30 August 2006

Superstition

I have known for a long time now that all superstition is bunk. Many people, however, don't seem to realise that they are superstitious. One cannot have any form of blind faith without being superstitious.

In the past there were reasons for superstitions. The further back in time you go the fewer coherent systems for describing the mysteries of the Earth and sky are available. People invented their own types of descriptive 'systems'. Without a scientific basis for those systems they concocted groups of deities (or individual deities) as primitive ways of explaining their environment and understanding themselves. Most saw their future (and therefore all their actions?) as being governed by 'higher powers'. They were helpless pawns at the mercy of wrathful gods. Do good and you got your reward in the next world. Do ill and you got your punishment. Either way it was out of your control.

Today we have no such excuses. Superstition is infantile. I don't just mean the big stuff like believing in a god but also the small, corrosive superstitions of everyday life. Black cats crossing paths and Friday 13ths, dropped cutlery and subtraversed ladders. All bunk and all inexcusable.

Matter to ponder

A lot has happened since my last post. Not in the physical world but in the way I perceive things. My current focus is on 'extravolutionary' technologies. Particulary nanotech or 'minting'. I have been engrossed in a book called 'Engines of Creation' by K. Eric Drexler, which has helped to open my eyes to the implications of the molecular nature of matter.

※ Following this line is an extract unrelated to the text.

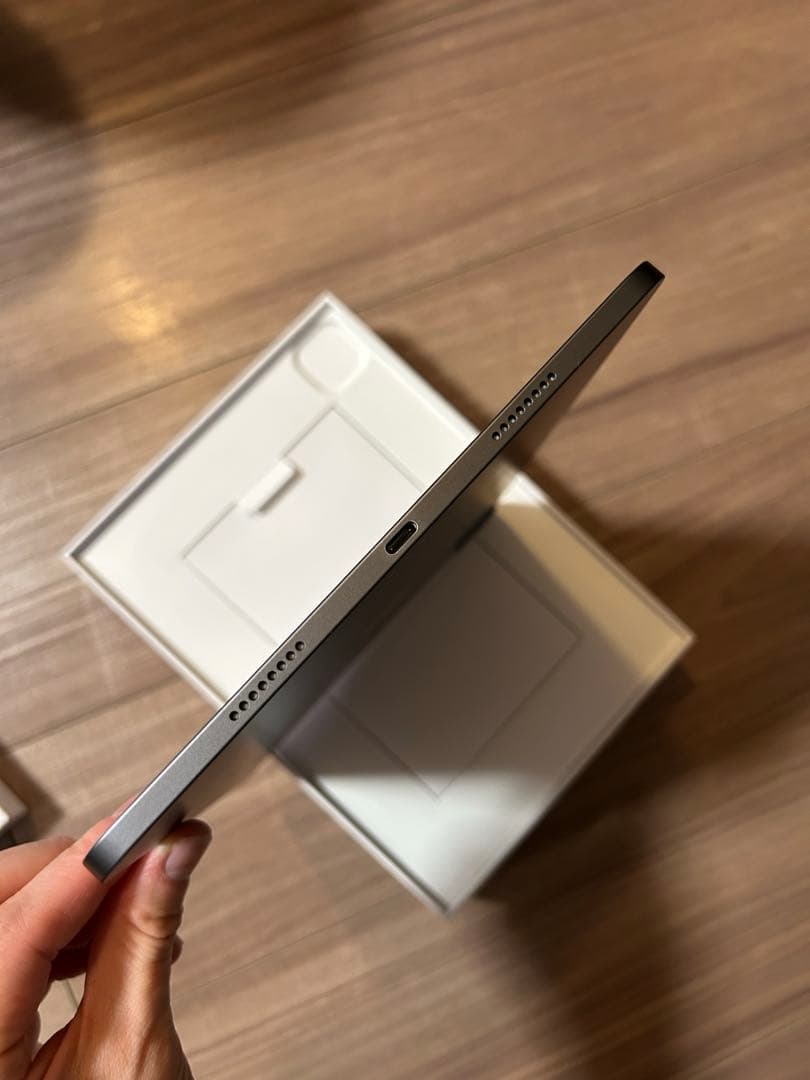 iPad第3世代本体 スペースグレー　512GB + Apple Pencil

Matter is made up of molecules of varying complexity. So if we can manipulate those molecules directly we open up an extraordinary new form of technology which will change us and our environment in ways we are only just beginning to imagine. The molecules in a brick, along with the 'positional information' which determine its molecular stucture, make it a brick. The same is true of a human brain. For us the precise 'positional information' of the molecules in our brains makes us who we are. The patterns 'grown' in our brains throughout our lives, those that define us as individuals, are not fleeting. Does that not mean that they can be preserved, perhaps indefinitely?

The above is, of course, a vast oversimplification. But the key point is that there does not need to be a magic ingredient which makes particular types of matter, such as brains, special. Brains are special because of the unique structures formed between the molecules within them. They are the most complex cohesive structures in the world, perhaps in our universe.